Kazanmak istediğim bölümdür, hayalimdeki meslek değildir ( Bunun sebebi hayalimde bir meslek olmaması) ama okumak istediğim bölümdür. Uykusuzluk, kahve ve sigara üçlüsü; bunlara ek olarak klasik müzik ve çizim bana oldukça asil geliyor. Üstelik mazoşist olduğumu düşünmekteyim bunca yorumdan sonra. Sanırım hayvan gibi bir puan yapıp girmem gereken bölüm bu. Özendim.
"bizim evin balkonunu odaya katacağız, bir bakıversen" lafını duyacağınız bölüm.
Bizim patlamış ampulü değiştirmek için okuduğumuzu sananlar var ülkede. Haberiniz olsun. Mezun olunca öyle oo mimar oldun deyip seni el üstünde tutmayacaklar.
bu ülkede yasaklanması gereken mesleklerin belki de en başında gelen meslek. o kadar ki bir müşteriniz sizden tasarlamanızı istediği bina için "rica ederim kolonu az olsun" diyebilir. sanki sizin işiniz yapı tasarlamak değil de yarım ekmek köfte yapmak. sanki size söylemek istediği " gurban, gözünü sevem soğanı az olsun" gibi bir şey. bu kafa yapısına sahip o kadar çok insan var ki bu ülkede. estetik kaygıyı bırakın bir kenara, yapının sağlamlığından bile kar amacı güden müşterilerle dolu bu memleket. önüne gelenin inşaat şirketi açtığı bu memlekette elbette bu tür trajikomik durumlar ortaya çıkacaktır. ayrıca önüne gelenin mimarlık tasladığı, işinize karıştığı da gün gibi aşikardır. sırf o yüzden bile bu ülkedeki bir çok mimar, sırf bu durumlar yüzünden müşterisinin kafasını patlatmak için bürosunda bir adet pompalı tüfek bulundurur. hem de ruhsatlı. yoksa gerçekten çekilmez bu ülkede bu meslek.
*bu bölümde okuyanlar bir süre sonra evlerinin yolunu unuturlar çünkü sabahlara kadar okulda kalıp projelerini bitirmeye çalışırlar.

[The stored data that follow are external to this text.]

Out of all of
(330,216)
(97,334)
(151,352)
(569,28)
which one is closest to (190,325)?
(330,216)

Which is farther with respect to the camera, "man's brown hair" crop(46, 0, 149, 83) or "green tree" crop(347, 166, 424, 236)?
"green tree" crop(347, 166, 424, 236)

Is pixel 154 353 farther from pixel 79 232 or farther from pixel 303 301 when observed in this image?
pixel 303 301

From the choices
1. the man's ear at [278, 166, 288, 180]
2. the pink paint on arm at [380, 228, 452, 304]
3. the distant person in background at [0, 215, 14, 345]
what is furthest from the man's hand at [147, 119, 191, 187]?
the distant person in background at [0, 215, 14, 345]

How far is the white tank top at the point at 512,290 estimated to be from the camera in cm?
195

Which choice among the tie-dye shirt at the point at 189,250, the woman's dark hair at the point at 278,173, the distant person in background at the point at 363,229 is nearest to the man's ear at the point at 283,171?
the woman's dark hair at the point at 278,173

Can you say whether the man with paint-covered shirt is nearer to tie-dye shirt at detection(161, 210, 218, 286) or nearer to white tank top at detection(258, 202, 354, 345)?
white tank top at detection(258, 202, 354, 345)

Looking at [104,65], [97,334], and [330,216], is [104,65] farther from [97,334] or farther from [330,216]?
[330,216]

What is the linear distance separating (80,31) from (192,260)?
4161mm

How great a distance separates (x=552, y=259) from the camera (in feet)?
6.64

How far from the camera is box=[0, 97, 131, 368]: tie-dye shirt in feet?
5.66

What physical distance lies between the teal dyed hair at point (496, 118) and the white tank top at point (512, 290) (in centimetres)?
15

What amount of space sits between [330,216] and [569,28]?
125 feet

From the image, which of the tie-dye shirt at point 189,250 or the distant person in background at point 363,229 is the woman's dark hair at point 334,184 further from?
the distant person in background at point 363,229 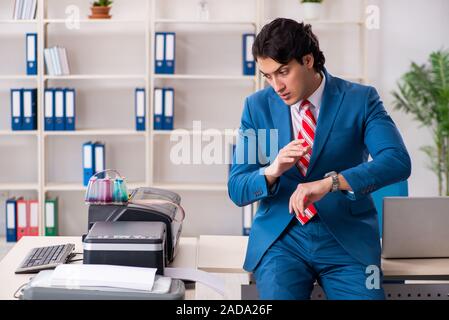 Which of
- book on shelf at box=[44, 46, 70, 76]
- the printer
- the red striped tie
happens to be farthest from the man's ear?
book on shelf at box=[44, 46, 70, 76]

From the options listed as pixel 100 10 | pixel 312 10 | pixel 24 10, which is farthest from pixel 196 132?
pixel 24 10

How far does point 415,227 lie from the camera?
2188 millimetres

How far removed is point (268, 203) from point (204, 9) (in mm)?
2958

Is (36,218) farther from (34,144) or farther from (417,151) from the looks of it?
(417,151)

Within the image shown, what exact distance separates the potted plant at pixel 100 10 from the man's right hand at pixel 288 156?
122 inches

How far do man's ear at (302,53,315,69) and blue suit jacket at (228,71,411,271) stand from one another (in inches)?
3.7

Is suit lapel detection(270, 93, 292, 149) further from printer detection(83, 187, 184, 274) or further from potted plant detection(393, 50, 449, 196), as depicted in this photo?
potted plant detection(393, 50, 449, 196)

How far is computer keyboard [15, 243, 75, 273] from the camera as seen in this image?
1997mm

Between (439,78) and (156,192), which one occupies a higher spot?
(439,78)

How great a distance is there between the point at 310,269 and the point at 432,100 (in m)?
3.22

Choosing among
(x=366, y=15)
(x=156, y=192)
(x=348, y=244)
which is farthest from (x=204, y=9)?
(x=348, y=244)

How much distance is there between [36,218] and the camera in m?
4.84

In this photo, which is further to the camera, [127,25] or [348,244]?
[127,25] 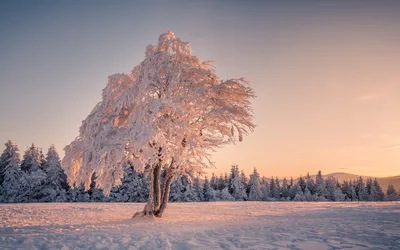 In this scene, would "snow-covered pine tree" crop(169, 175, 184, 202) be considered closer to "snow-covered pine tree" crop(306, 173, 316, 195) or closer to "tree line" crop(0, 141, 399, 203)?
"tree line" crop(0, 141, 399, 203)

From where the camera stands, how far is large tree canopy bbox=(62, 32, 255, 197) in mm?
12578

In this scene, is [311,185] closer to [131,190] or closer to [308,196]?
[308,196]

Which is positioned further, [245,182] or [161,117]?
[245,182]

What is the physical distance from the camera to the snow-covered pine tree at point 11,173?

*gecelerce uğraştıkları bir proje bir derste hoca tarafından üstüne çizik atılarak yerin dibine atılabilir yada sınav esnasında gezinen hoca ilk beğendiği çizime 100 verip başka hiçbir projeye yüksek not vermeyebilir.
*okuyanlar kadar hocalarının da ilginç olduğu bir bölüm olarak bilinir.